In recent years, an interesting variation on the found footage horror film has been the use of video chat footage. Writer/director Matthew Solomon, along with his co-writers Joshua Carl Allen and Jeremy Fox, take this fresh variation and add even more interest to it by wrapping it in a traditionally shot framing story in their film Chatter. In the framing story, a defense surveillance contractor becomes obsessed with recordings of the video chats of a couple, and he begins to notice unusual, and potentially supernatural, goings-on in the couple’s homes. This video chat found footage makes up the bulk of the film. Unfortunately, the framing device adds very little to the overall story. Even at just 76 minutes in length, the film still feels a bit too padded. Still, the chemistry between the couple, Sarena Khan and Brady Smith, makes one care for what happens to these characters and carries the film.
After a brief and somewhat unrelated prelude, Chatter opens with a traditional footage framing story.

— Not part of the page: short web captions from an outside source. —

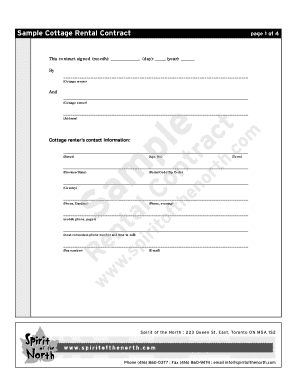 Cottage Rental Agreement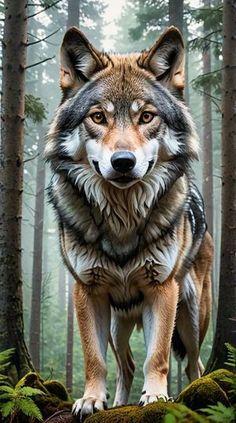 a wolf standing in the middle of a forest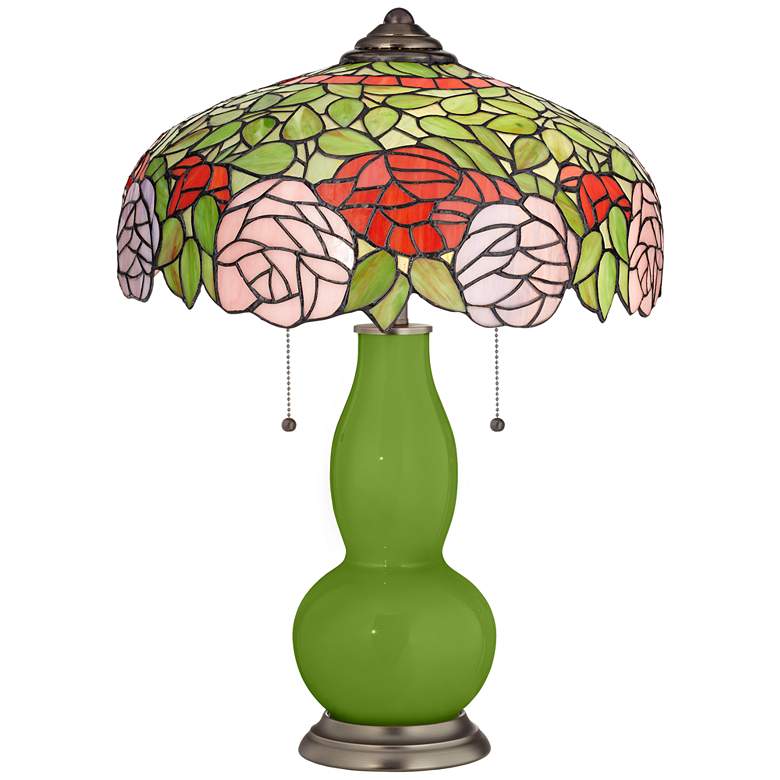 Image 1 Gecko Gourd Tiffany-Style Table Lamp with Rose Bloom Shade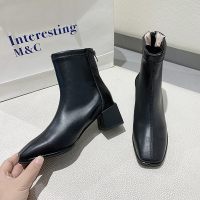 枫述嘉足法式小短靴女潮ins酷2021年秋季新款百搭韩版显瘦方头粗跟瘦瘦靴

We are introduced to low-level defense department/NSA contractor Martin Takagi (Tohoru Masamune, who was recently seen as Shredder in Michael Bay’s Teenage Mutant Ninja Turtles). In the course of his job reviewing recordings of intercepted video chat footage, he becomes obsessed with viewing the video chats of a young couple, Laura (Sarena Khan) and David (Brady Smith) Cole. Laura and David’s story is the central part of the film and is told through these recordings, as well as recordings of their chats with friends and coworkers. The couple is in the midst of move from London to Los Angeles. Laura is still in London, finishing up her job there, while David has moved to their new house in Los Angeles ahead of her to unpack and to be closer to his work as a composer of film scores. David starts experiencing unusual doings in the house and the couple’s relationship starts to show some strain. The supernatural occurrences increase and even begin the affect those on the other end of the line. Back in the framing story, Martin’s obsession with the Cole’s story starts to take a toll on him and he faces possible repercussions from his higher-ups.
With a film built around the relationship of two characters, it is important that the audience believes in and cares about that relationship. In Chatter, the two leads, Sarena Khan and Brady Smith, have quite good chemistry, really making the viewer feel that they are watching a real couple that truly cares for each other. This is not to say that the acting is always impeccable. It can be a bit uneven at times, but they have a definite chemistry that comes through in spite of the rough patches. This is especially noted since at no time are they even in the same room throughout the film.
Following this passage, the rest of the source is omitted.